» Data listing

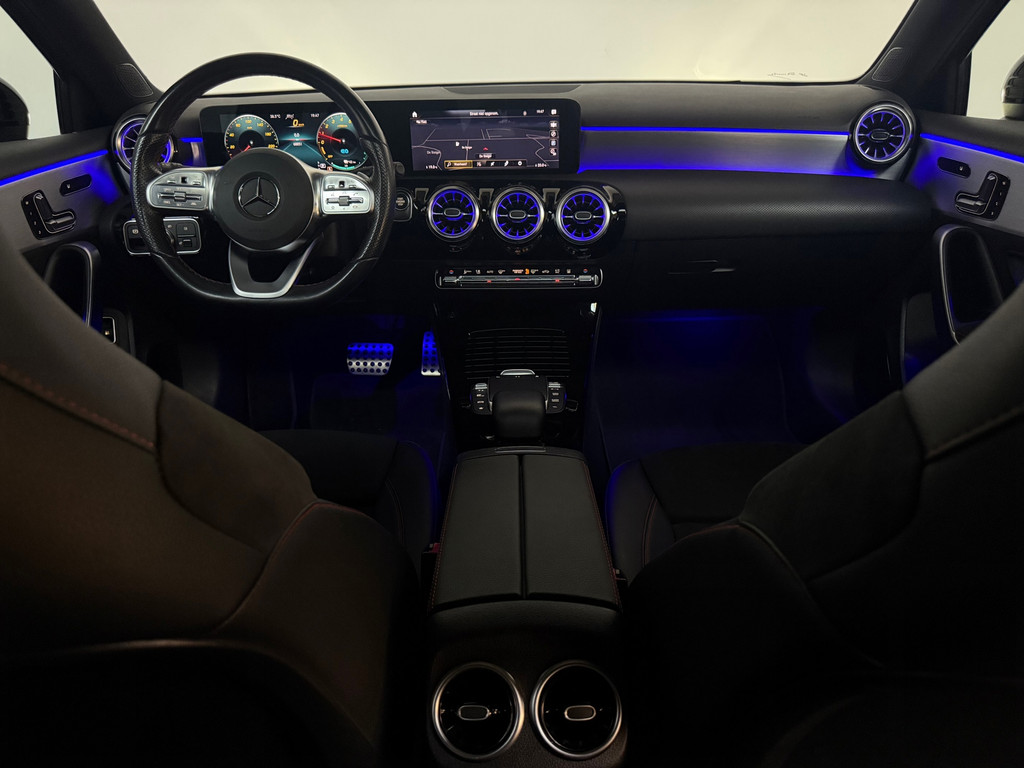 54503899-3.jpg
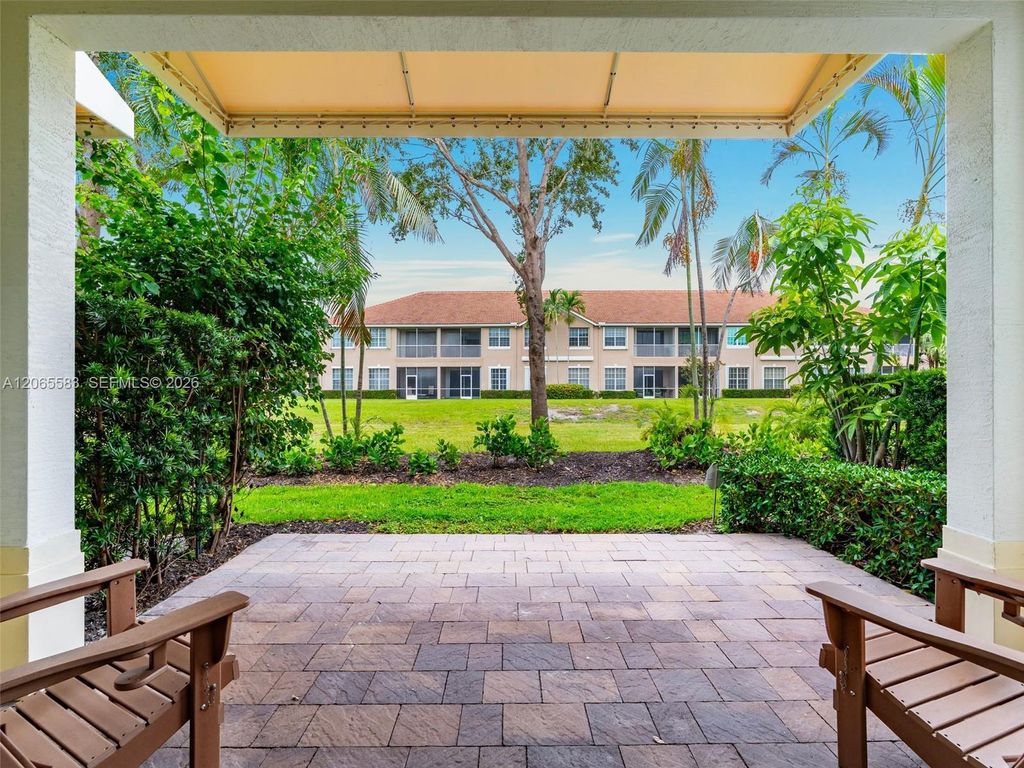 Image 36 of property listing at 22936 Clear Echo Dr 35, Boca Raton, FL 33433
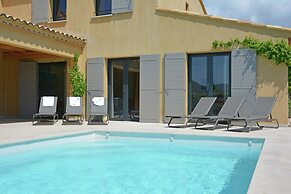 Villa in Malaucene Near Mount Ventoux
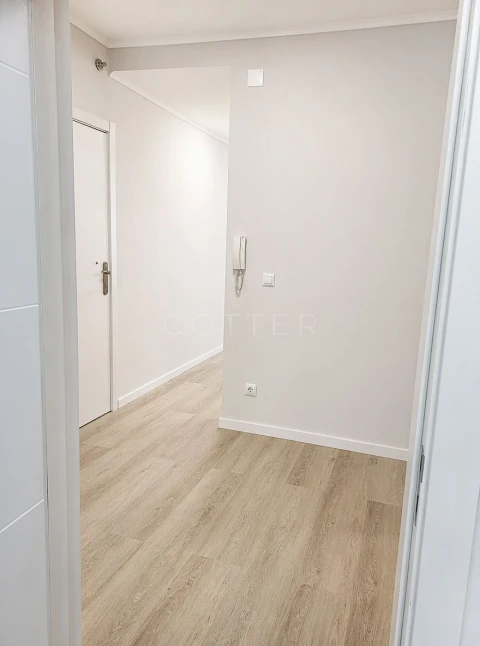 Apartamento T2 para Venda em Oeiras e São Julião da Barra, Paço de Arcos e Caxias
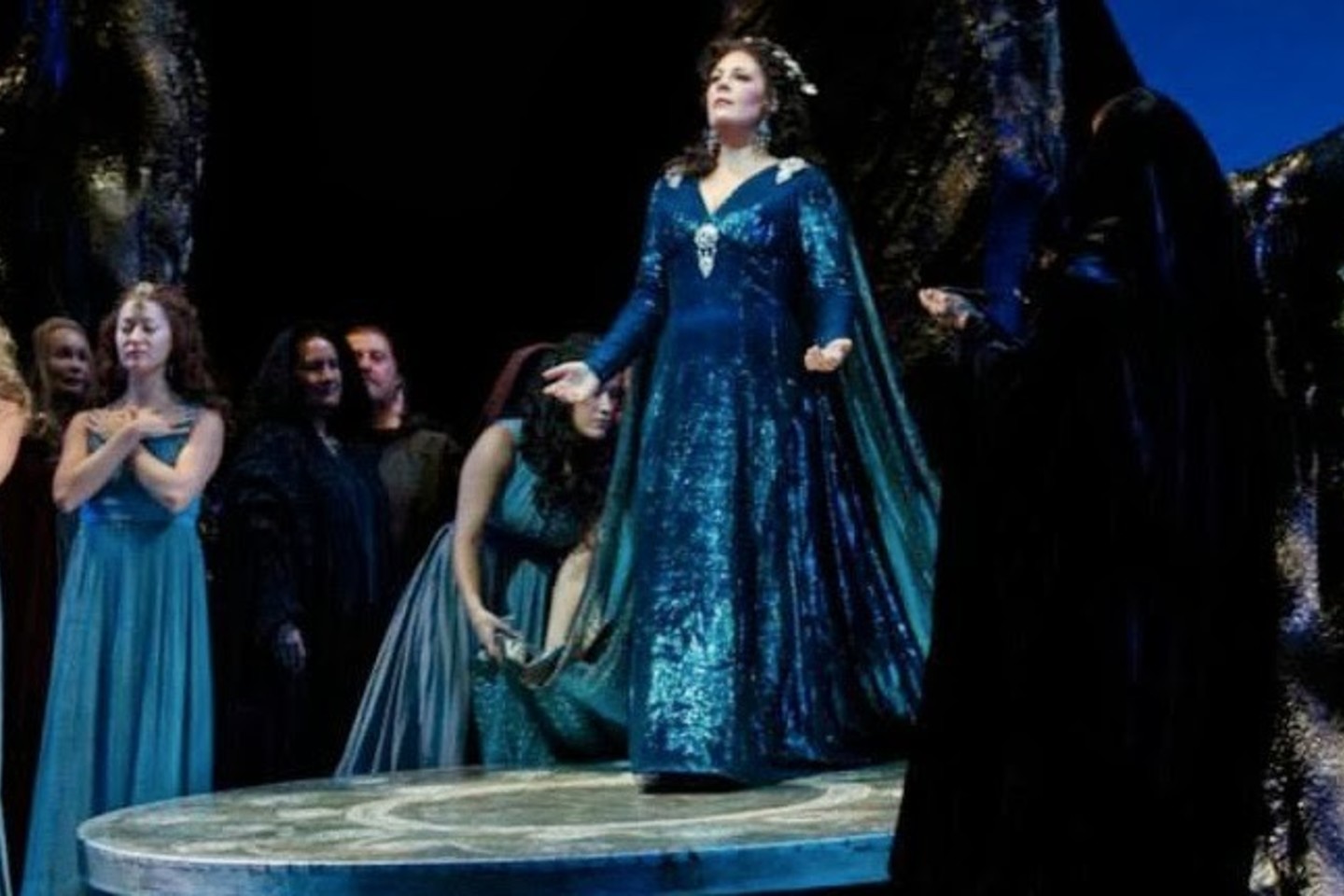 Normą sezono pradžios operoje įkūnys viena geriausių šio vaidmens atlikėjų S.Radvanovsky.<br> „Metropolitan Opera“ nuotr.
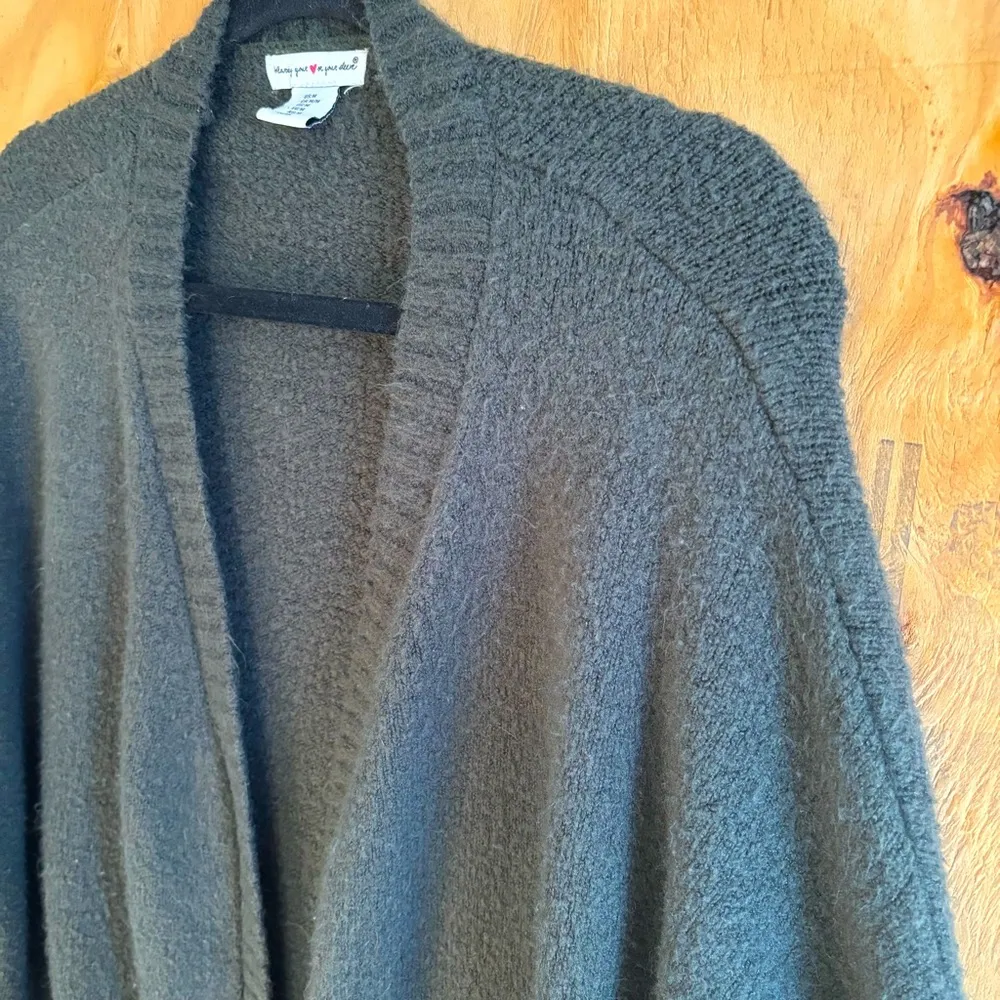 Wearing Your Heart Knit Long Soft Cozy Dark Green Cardigan Sweater Sz M Size M - Image 3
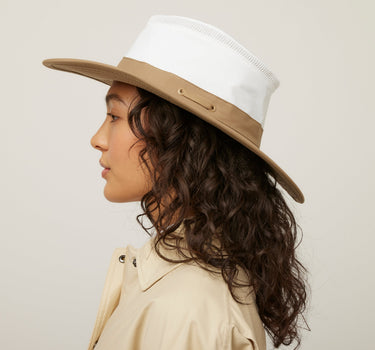 #colour_white-dark-tan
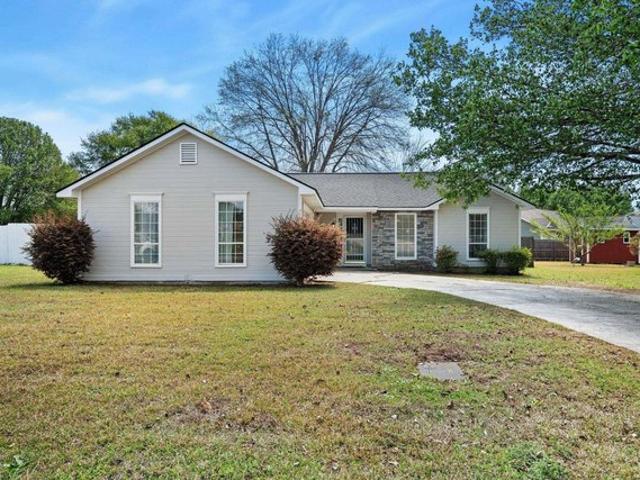 House for sale in Bonaire, Georgia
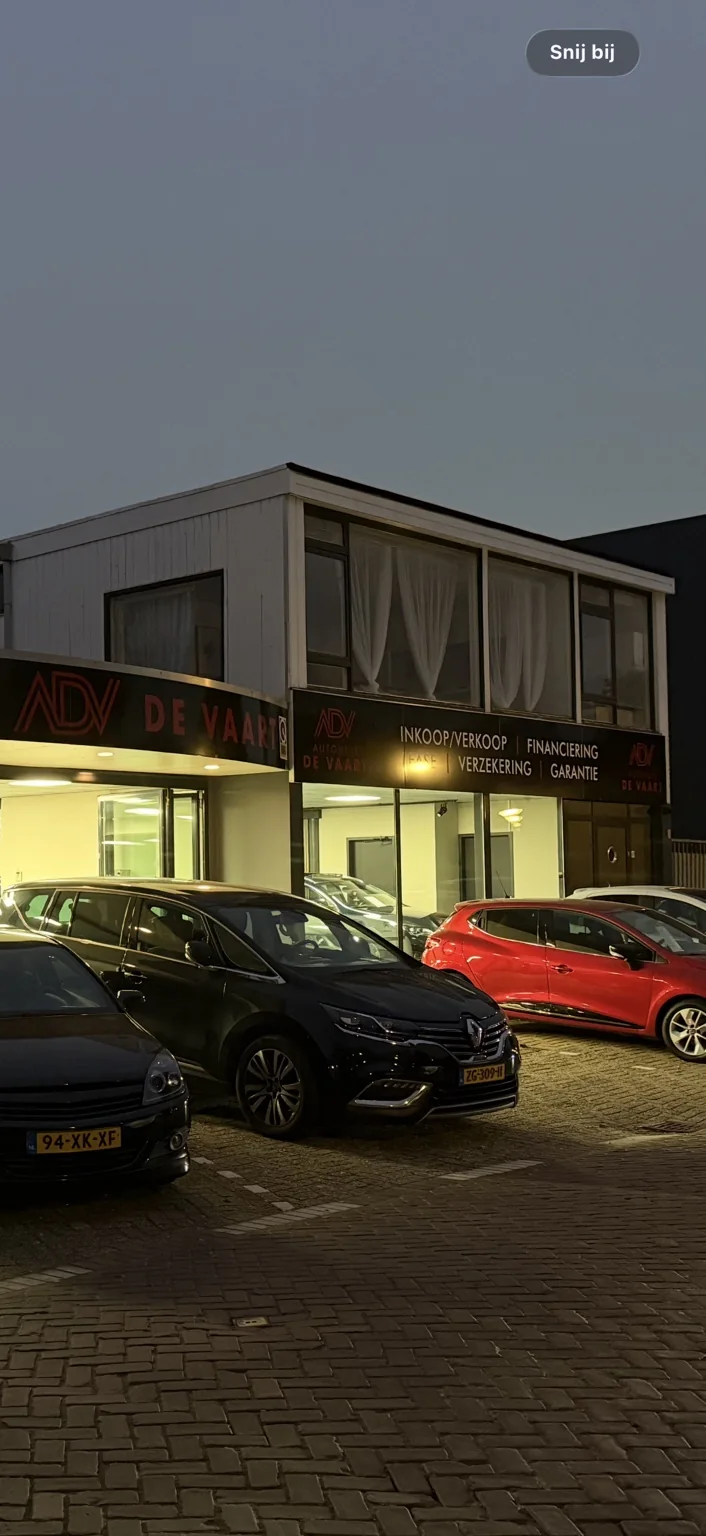 Bovenwoning boven de showroom aan de Kethelweg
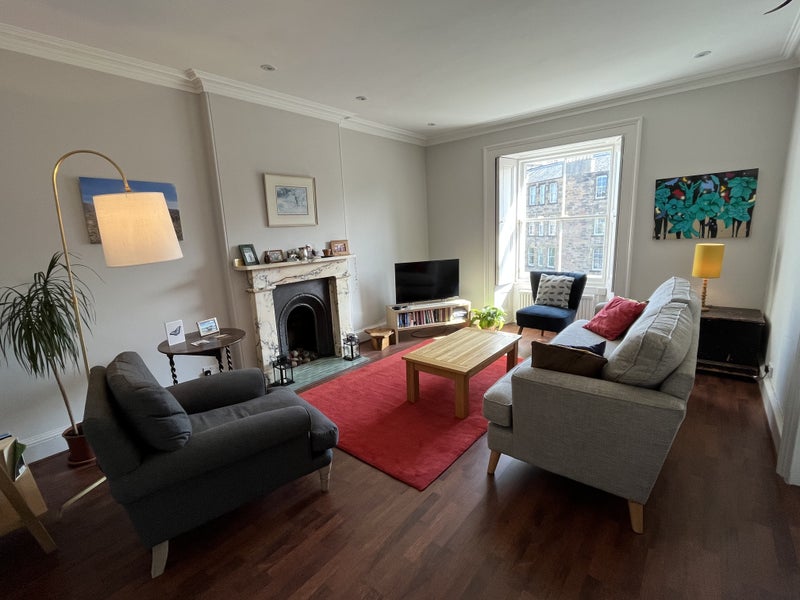 Photo 1: Sitting room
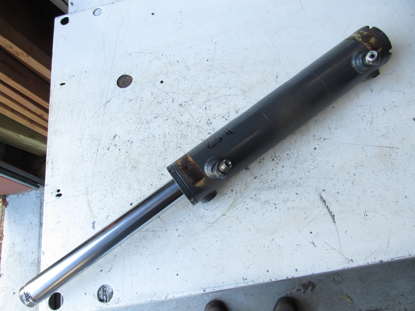 Picture of Kubota 3F740-63882 Front Steering Hydraulic Cylinder to Tractor YW392-00102 YW392-00103
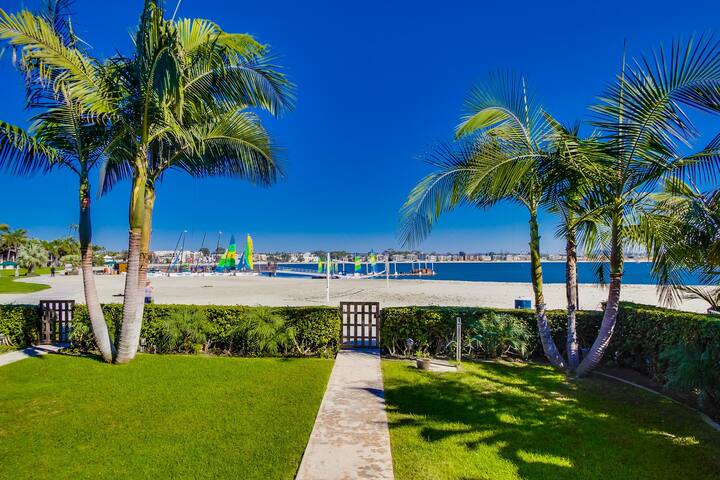 Mission Beach Villa • Bayfront w/ Rooftop Deck gallery image 3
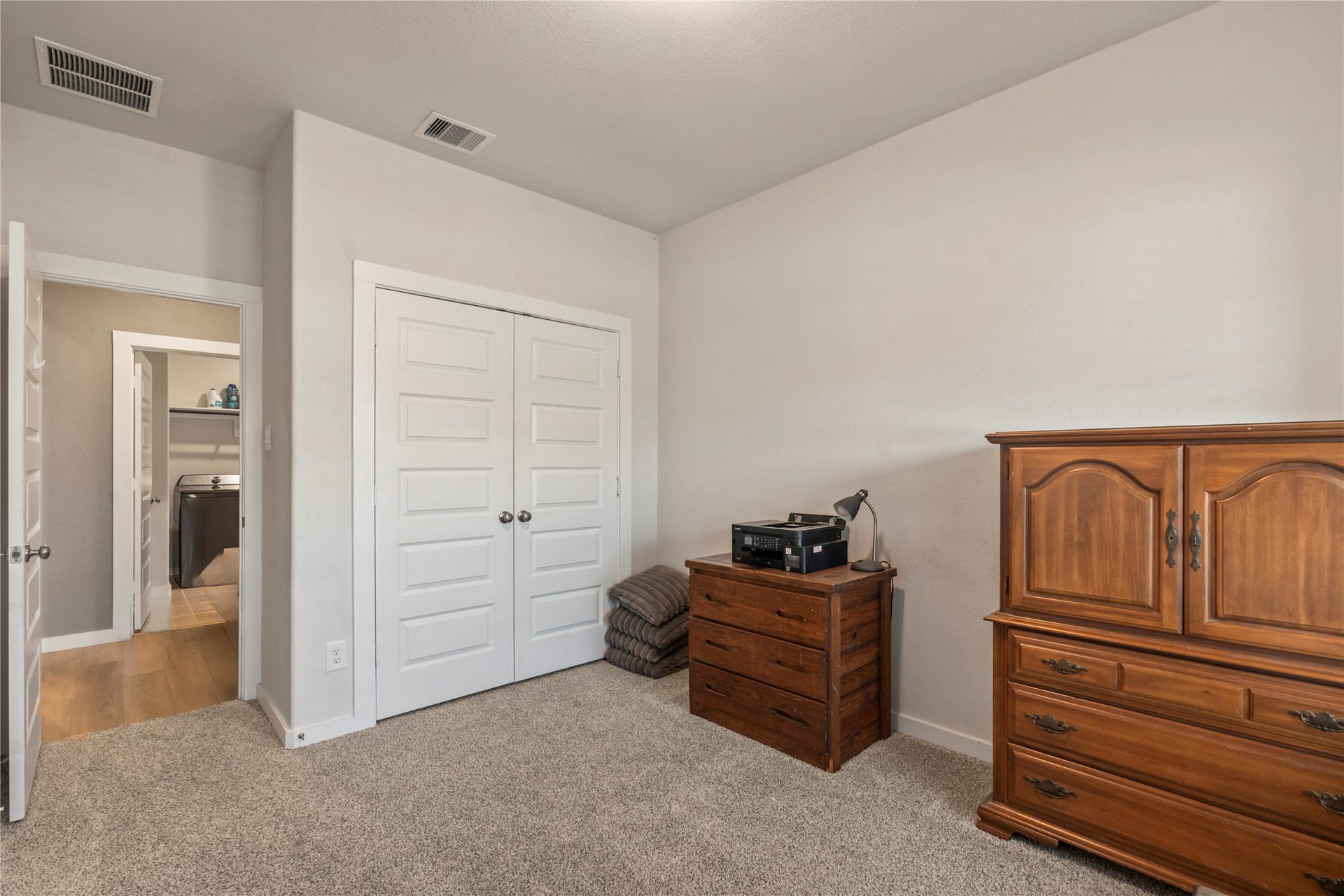 38527 Winding Meadows Drive, Magnolia, TX 77354 The bedrooms all come with nice closets.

» Try it
Exact repetition is required for the lines from the first one in the listing through the one that holds "Photo 1: Sitting room", and pictures are to be omitted.

» Result for this task
 54503899-3.jpg
 Image 36 of property listing at 22936 Clear Echo Dr 35, Boca Raton, FL 33433
 Villa in Malaucene Near Mount Ventoux
 Apartamento T2 para Venda em Oeiras e São Julião da Barra, Paço de Arcos e Caxias
 Normą sezono pradžios operoje įkūnys viena geriausių šio vaidmens atlikėjų S.Radvanovsky.<br> „Metropolitan Opera“ nuotr.
 Wearing Your Heart Knit Long Soft Cozy Dark Green Cardigan Sweater Sz M Size M - Image 3
 #colour_white-dark-tan
 House for sale in Bonaire, Georgia
 Bovenwoning boven de showroom aan de Kethelweg
 Photo 1: Sitting room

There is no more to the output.